Landry is home schooled and travels frequently for dance. The Thompsons asked Hurd to look after their daughter on this trip. Realizing the group made an unlikely trio, they packed a raft of documents.

“Emmanuel had a letter signed by us, had every contact number they could’ve possibly needed, he had her insurance card, he had her original birth certificate, not a copy,” the mother said.

The couple even scanned their driver’s licenses and faxed them to police during all this. The Houston police officers did not believe the parents or the men.

The duo seem to be pretty good guardians, though—according to KHOU, they waited for her at CPS for the duration of her detainment, first in the lobby and then, after being asked to leave, in the car outside the building for six hours. 

The story made national news today, and it’s not hard to see why: Landry was detained for 11 hours despite traveling with people that her parents not only placed her in the care of, but who possessed extensive documentation of that parental permission. Raising questions about whether this is an instance of racial profiling certainly seems appropriate. 

HPD issued a statement in response to the attention, but it doesn’t address those specific concerns: 

In a statement, HPD said, “Given the age discrepancies, the fact that all three were from out of state, and the child had no relatives in the area, officers in an abundance of caution, did their utmost to ensure her safety” and sent her to CPS.

Landry’s mother was initially told she would need to travel to Houston herself to have her daughter released to her custody, but after repeated phone calls, the teen was finally released back to Hurd and Kelly. 

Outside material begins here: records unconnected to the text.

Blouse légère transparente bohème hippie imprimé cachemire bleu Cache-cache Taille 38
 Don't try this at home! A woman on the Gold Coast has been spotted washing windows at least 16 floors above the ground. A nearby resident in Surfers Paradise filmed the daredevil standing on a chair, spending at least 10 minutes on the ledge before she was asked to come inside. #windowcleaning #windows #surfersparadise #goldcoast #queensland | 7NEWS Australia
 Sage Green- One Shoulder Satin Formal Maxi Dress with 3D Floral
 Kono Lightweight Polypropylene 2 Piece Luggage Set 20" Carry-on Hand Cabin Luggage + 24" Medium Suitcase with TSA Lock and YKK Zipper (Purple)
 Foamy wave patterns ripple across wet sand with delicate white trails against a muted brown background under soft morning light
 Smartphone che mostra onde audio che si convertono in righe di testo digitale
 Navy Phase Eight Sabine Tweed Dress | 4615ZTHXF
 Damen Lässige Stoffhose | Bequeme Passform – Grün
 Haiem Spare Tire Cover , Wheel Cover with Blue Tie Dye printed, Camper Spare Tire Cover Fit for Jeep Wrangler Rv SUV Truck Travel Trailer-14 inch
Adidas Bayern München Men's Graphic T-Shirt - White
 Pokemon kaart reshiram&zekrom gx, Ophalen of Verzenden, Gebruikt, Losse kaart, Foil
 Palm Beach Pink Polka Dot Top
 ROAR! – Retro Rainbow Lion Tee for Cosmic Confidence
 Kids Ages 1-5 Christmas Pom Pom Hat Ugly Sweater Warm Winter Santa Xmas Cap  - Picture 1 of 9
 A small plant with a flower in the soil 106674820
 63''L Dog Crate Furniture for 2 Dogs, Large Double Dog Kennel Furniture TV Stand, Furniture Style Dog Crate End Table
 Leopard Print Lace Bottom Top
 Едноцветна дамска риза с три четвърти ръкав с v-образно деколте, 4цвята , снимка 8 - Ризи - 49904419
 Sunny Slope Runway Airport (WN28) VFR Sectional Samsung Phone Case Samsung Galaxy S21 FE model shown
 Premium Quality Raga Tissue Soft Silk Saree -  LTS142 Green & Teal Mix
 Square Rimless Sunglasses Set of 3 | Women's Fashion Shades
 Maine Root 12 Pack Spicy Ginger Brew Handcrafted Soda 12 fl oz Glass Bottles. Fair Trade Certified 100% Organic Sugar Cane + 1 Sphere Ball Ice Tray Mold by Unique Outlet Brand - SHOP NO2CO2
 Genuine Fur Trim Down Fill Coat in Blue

Comments on sites like Gawker have defended HPD

If police investigate suspicious activity people who are innocent are sometimes going to be inconvenienced. But if police ignore suspicious activity, then people will die from crimes that could have been prevented.

The fact is, it is not uncommon for children in this country to be trafficked into prostitution. People sleeping in a car in a convenience store parking lot strongly suggests drug activity. If you think the police should have seen that and ignored it, I’d really like to know what you think police are supposed to do.

To be sure, HPD’s decision to investigate the trio makes sense. While it’s not unreasonable to expect police to ask questions when they find a teenage girl in a car with men she doesn’t appear to be related to, it’s harder to explain why they were so steadfast in refusing to accept any of the answers. What should the police have done? That answer seems easy: accept the presented documentation and the girl’s parents’ explanation. But what should Hurd, Kelly, and Thompson have done? If notarized proof that they are authorized to travel with the girl isn’t sufficient, that’s a tough question to answer.